The Fancy Plans Guide to Rock & Roll Vol. 12December 5, 2009
It’s been awhile since the last volume of the never-ending Guide to Rock & Roll. The last time we gathered to enjoy libelous tales of the has-beens and never-weres of the rock world, we tackled only requests. This time around there isn’t a request to be found. It’s not because I don’t take requests. It’s more likely due to my scattershot posting schedule, shortened attention span and mandatory attendance of several premature funerals for rock and roll.
Hall & Oates
1/2 moustache, 1/2 blond, Hall & Oates epitomized 80’s pop in a way few others did, except possibly Wham!, whom they were often confused with. The parallel chart success of this pair of duos saw tanned and well-rested men jousting for the affection (and money) of “the ladies.”
They deployed every weapon imaginable, including smoldering good looks (Wham!, Hall & Oates), short shorts (Wham!), moustaches (Oates) and prolific hitmaking, all despite being saddled with an underperforming partner (Andrew Ridgley, John Oates).
Once their made-for-VH1 meteoric rises and falls were over (“falls” being more accurate, especially when handcuffed to “meteoric” by some hack blogger), it became apparent that only one band was truly in it for “the ladies.” (Not Wham!) However, the information came too late to affect anything more than their respective solo careers (except for Andrew Ridgley, who ran down today’s specials for me at the local Outback).
Known as the “fifth Beatle,” after being displaced by Yoko Ono and Linda McCartney, respectively, Harrison nonetheless had a successful and prolific solo career which spanned over 20 years. Famed for his combination of psychedelia and folk rock, Harrison proved that there is life beyond the Beatles (although not so much for Lennon) and enjoyed some chart success (although not as much as Paul McCartney, who was upgraded to “The Only Beatle”).
In addition to his musical contributions, Harrison was also known for:
- Not being Ringo.
- Not shoving his vegan ideals down his touring bands’ throats.
- Impressive facial hair.
- Being slightly smaller than Jesus.
As one of the forerunners of the New Romantic movement, Britain’s Human League found itself defending its turf (and pedigree) against all comers, including the Anti-Nowhere League, the League of Extraordinary Gentlemen and the newly-minted (and freshly dead) Zombie Nation.
They enjoyed a seven-year run on top of the musical heap before succumbing to hair metal, synthpop backlash and internal wrangling (which is not so much a reference as an indication that more people should be listening to Clinic).
As the band slowly fell apart, their legacy lived on with multiple appearances on 80’s compilation and the Grand Theft Auto:Vice City soundtrack, which would mark the only time 50 million people purchased the (Keep Feeling) Fascination single, which came bundled with a lawsuit-baiting, open-world murder simulator.
Known for a single track (In-A-Gadda-Da-Vida) which spanned three albums due to the space limitations of vinyl.

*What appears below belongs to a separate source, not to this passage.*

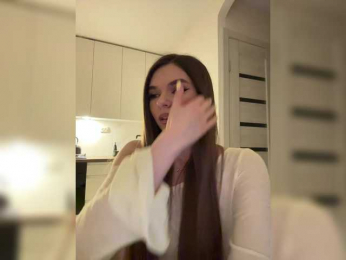 mirrra webcam bongacams model stream image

Their monstrous hit song was one of the first singles to “go platinum,” albeit in a stripped-down three-minute version, which trimmed off nearly 90 minutes of psychedelic excess.

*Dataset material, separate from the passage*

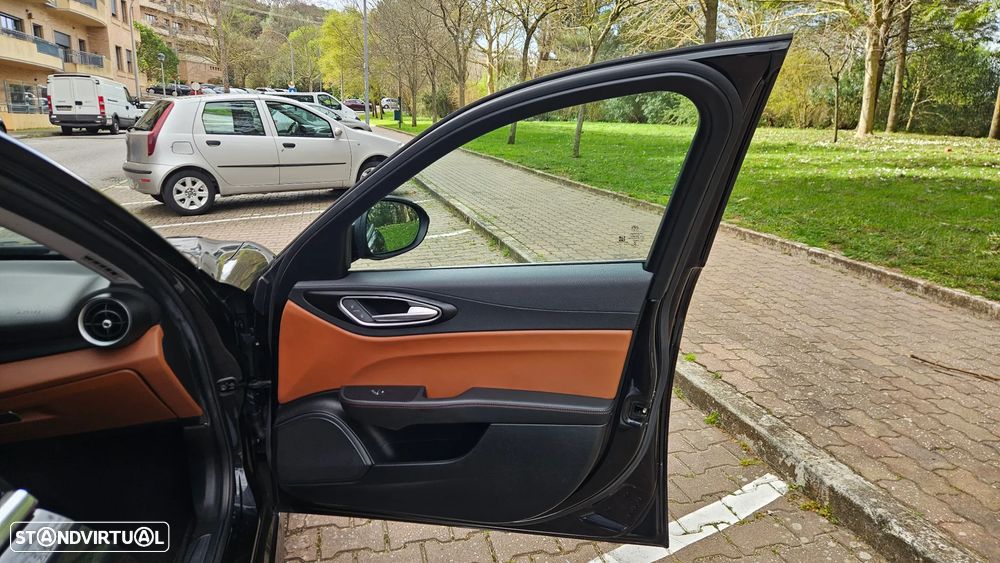 Alfa Romeo Giulia 2.2 D Super - 30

The track’s title (loosely translated by Hooked on Phonics as “In the Garden of Eden“) was a staple of their live shows, thanks to its sprawling length, which gave each band member a chance to dick around while their audience members retrieved their drugs, took their drugs or purchased more drugs.
During their brief heyday, the average Iron Butterfly set list looked like this:
Encore (In-A-Gadda-Da-Vida [reprise])
Having paved the way for mainstream awareness of psychedelic hard rock, Iron Butterfly abruptly lost all relevance and faded into obscurity, leaving behind an overwrought back catalog, which proved useful for seed-and-stem sorting.
Rick James (born Dave Chappelle) took the late ’70s funk scene by storm with his hit single Superfreak, which set the stage for the brief flareout of a “career” that was the Reverend MC Hammer. Following his own blueprint for brief success followed by spectacular failure, James made some runs at chart success with a few other, less sample-worthy singles before deciding to follow his true calling: drug addiction.
After joining nearly every other musician ever in eventual irrelevance, Rick James briefly lifted his head from the dusted mirror to release an album in the mid-’90s, approximately 15 years after anyone gave a shit. Unable to produce the “skills” to pay the “legal bills,” James returned to obscurity and blow, taking with him his talent (which at this point was as weak as the 3/4-baby laxative blend “coke,” whose possession resulted in immediate arrest).